Transurban snubs Canadian pension funds’ A$6.8bn bid

The Australian-listed toll road operator has rejected the pensions’ offer to acquire 100% of the group, although it has left the door open for improved bids.

Australian toll road investor Transurban Group has rejected a takeover bid from two Canadian pension plans, prompting its share price to rise dramatically amid speculation that an improved offer could follow.

Canada Pension Plan Investment Board (CPPIB) and Ontario Teachers’ Pension Plan (OTPP) said in a joint statement published today that they submitted an indicative proposal last Tuesday (October 27) to acquire 100 percent of Transurban. The pensions said their offer would have given Transurban’s shareholders the opportunity to choose between a cash price of A$5.25 per share, equity in an unlisted group, or a combination of both options. The funds said the A$5.25 price represents a 20 percent premium to Transurban's closing share price yesterday and a 25 percent premium to Transurban’s volume-weighted average share price for the past three months. This price values Transurban at around A$6.8 billion (€4.16 billion; $6.2 billion). The pensions said in the statement that this offer provided Transurban’s shareholders with “compelling value for their investment.”

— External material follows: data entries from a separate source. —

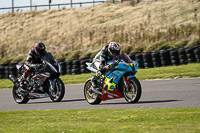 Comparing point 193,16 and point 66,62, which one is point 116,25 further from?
point 66,62

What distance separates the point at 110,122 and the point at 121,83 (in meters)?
3.05

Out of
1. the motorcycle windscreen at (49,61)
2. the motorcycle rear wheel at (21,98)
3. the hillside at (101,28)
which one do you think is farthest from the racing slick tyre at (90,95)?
the hillside at (101,28)

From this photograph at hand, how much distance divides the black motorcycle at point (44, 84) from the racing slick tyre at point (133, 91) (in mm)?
2208

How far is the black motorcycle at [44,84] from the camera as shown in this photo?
11094 mm

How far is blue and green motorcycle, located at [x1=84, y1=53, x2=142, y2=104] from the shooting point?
938 centimetres

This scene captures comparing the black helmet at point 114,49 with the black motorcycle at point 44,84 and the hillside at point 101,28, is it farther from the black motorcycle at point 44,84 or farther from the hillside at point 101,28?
the hillside at point 101,28

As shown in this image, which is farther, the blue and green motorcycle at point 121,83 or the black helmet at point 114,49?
the black helmet at point 114,49

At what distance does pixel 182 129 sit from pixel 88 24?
123ft

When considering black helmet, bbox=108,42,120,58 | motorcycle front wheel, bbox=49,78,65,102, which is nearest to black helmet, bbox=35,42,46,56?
motorcycle front wheel, bbox=49,78,65,102

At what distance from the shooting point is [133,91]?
941 cm

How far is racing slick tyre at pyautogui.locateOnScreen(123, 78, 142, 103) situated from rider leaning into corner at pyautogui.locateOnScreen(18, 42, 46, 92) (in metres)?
3.26

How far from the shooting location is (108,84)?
9.86m

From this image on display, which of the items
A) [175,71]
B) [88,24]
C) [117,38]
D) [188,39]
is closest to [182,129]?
[175,71]

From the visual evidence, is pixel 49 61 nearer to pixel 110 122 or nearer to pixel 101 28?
pixel 110 122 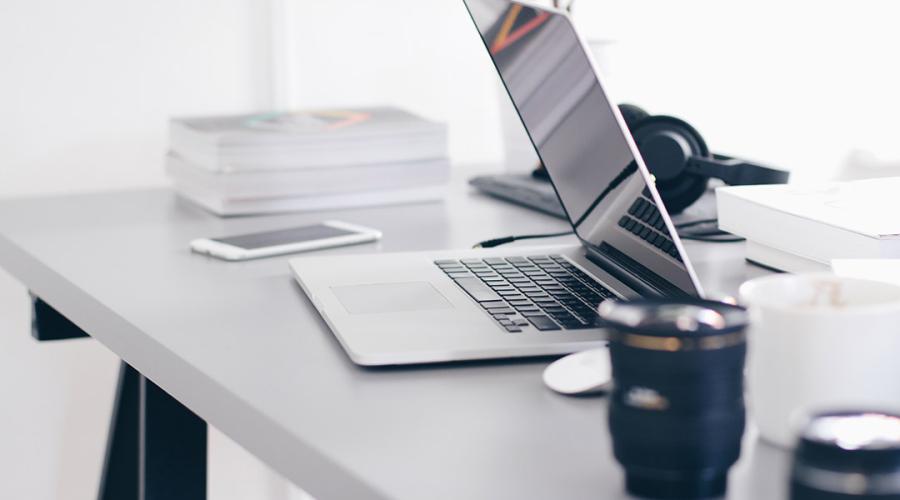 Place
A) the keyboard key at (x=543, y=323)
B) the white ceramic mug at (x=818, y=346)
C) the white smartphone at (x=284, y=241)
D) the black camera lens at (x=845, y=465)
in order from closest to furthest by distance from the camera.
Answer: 1. the black camera lens at (x=845, y=465)
2. the white ceramic mug at (x=818, y=346)
3. the keyboard key at (x=543, y=323)
4. the white smartphone at (x=284, y=241)

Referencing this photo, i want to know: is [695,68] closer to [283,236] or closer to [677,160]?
[677,160]

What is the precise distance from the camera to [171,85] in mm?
1697

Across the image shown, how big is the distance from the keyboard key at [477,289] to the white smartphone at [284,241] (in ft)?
0.81

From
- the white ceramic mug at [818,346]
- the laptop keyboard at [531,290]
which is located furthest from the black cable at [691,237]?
the white ceramic mug at [818,346]

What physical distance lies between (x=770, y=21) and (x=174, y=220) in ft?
4.16

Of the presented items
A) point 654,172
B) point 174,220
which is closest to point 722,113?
point 654,172

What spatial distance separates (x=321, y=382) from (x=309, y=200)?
0.69 meters

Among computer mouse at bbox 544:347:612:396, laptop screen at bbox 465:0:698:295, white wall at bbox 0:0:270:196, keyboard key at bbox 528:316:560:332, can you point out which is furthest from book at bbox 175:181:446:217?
computer mouse at bbox 544:347:612:396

CPPIB and OTPP already own roughly 26 percent of the Australian firm.

In a filing to the Australian Securities Exchange, Transurban said it had rejected the pension funds’ proposal on its current terms after consulting its advisors. However, the toll road operator did suggest that the door could remain open for an improved offer, adding “the board of Transurban remains willing to engage on bona fide proposals which provide appropriate value and certainty to security holders in a change of control transaction.” CPPIB and OTPP reflected this optimism for future negotiations in their statement, saying they “note Transurban’s willingness to enter into constructive discussions […] and look forward to the opportunity to discuss the details of the Proposal with Transurban.“

Following Transurban’s rejection of the offer, speculation that another offer may follow caused the group’s share price to rocket, closing at A$5.24 earlier today, up almost 20 percent.

Transurban owns and operates stakes in eight toll roads across Australia and the US. In August it reported a 11.5 percent increase in earnings for the year ending June 30, recording an EBITDA of A$583.4 million. Transurban’s largest shareholder is currently Australian fund manager CP2, which owns just over 15 percent of the company.

CPPIB’s fund totalled C$116.6 billion (€73.7 billion; $109.5 billion) at the end of June, while OTPP’s fund had C$87.4 billion of assets at the end of 2008, according to the pensions’ respective websites. In June CPPIB reached an agreement to acquire Macquarie Communications Infrastructure Group for A$1.64 billion, after previously having a lower offer rejected.

Transurban is being advised by Lazard and Mallesons. CPPIB and OTPP are being advised by Goldman Sachs and J.P. Morgan.